What to do: As soon as the line containing "RatedRodzGaming's tweet photo." appears in the material below, start returning lines exactly, and end with the line containing "Dipak K Sarker-Pharmaceutical".

Input records:
▶

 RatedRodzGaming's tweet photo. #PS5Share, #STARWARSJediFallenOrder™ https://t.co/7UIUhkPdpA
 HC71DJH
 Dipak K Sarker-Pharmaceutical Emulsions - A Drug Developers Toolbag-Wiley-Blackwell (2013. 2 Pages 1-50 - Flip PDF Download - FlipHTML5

◀
▶

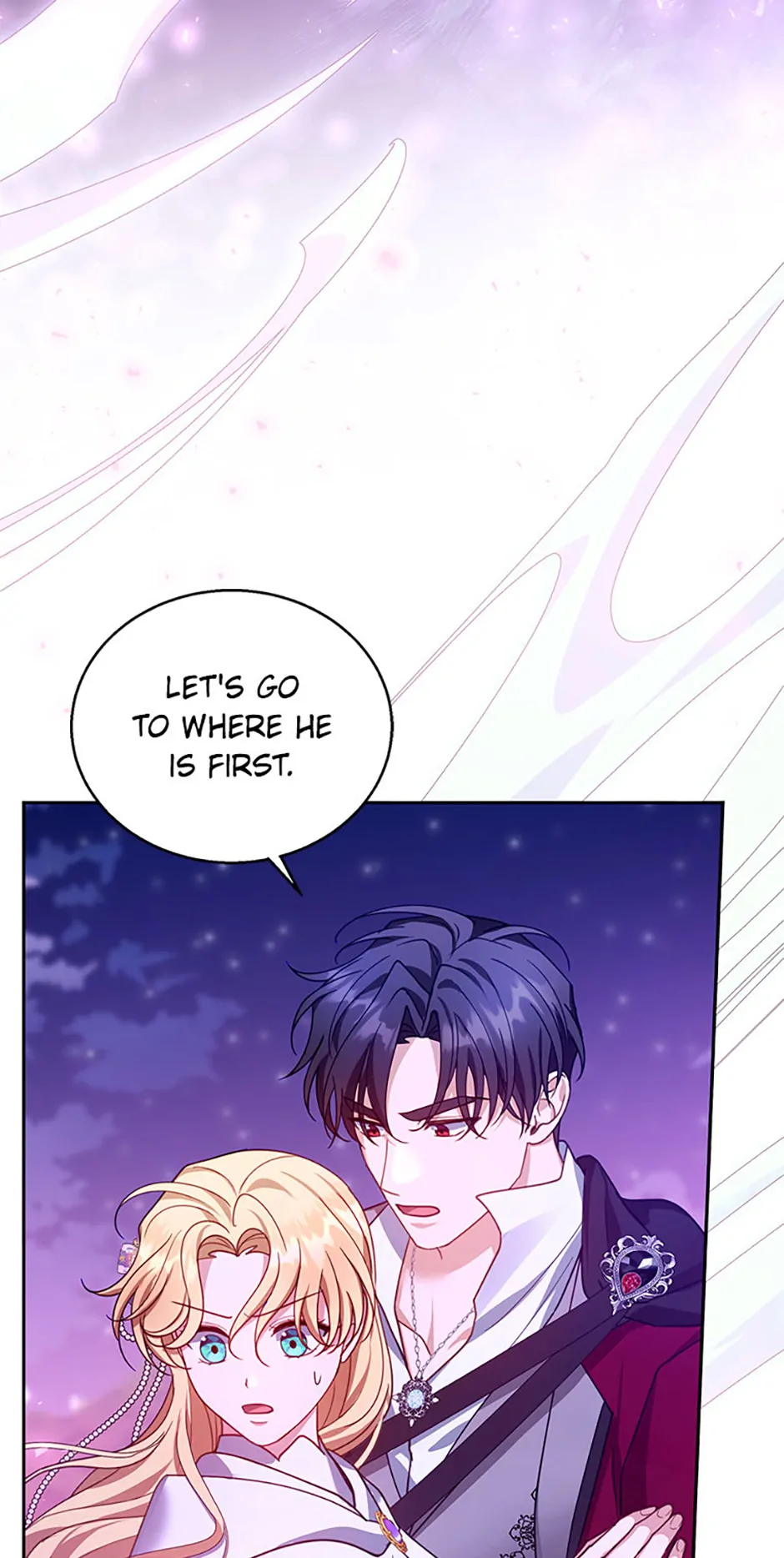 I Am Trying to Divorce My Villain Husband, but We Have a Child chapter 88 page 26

◀
▶

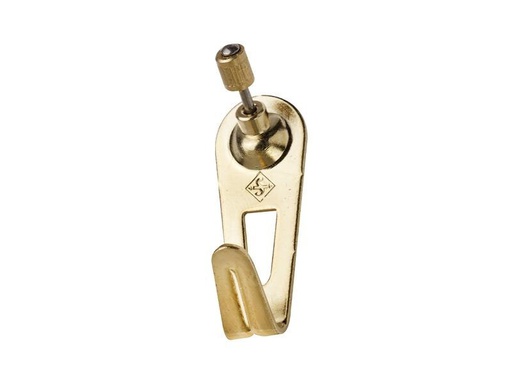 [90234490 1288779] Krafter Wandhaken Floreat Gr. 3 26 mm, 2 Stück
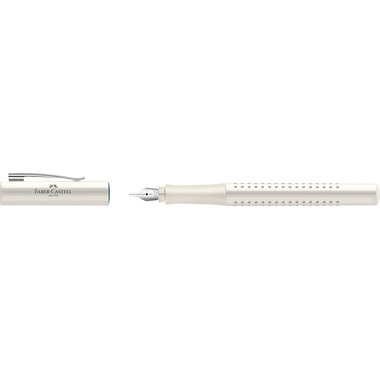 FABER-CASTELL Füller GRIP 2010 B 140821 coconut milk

◀

Output for this exercise:
 RatedRodzGaming's tweet photo. #PS5Share, #STARWARSJediFallenOrder™ https://t.co/7UIUhkPdpA
 HC71DJH
 Dipak K Sarker-Pharmaceutical Emulsions - A Drug Developers Toolbag-Wiley-Blackwell (2013. 2 Pages 1-50 - Flip PDF Download - FlipHTML5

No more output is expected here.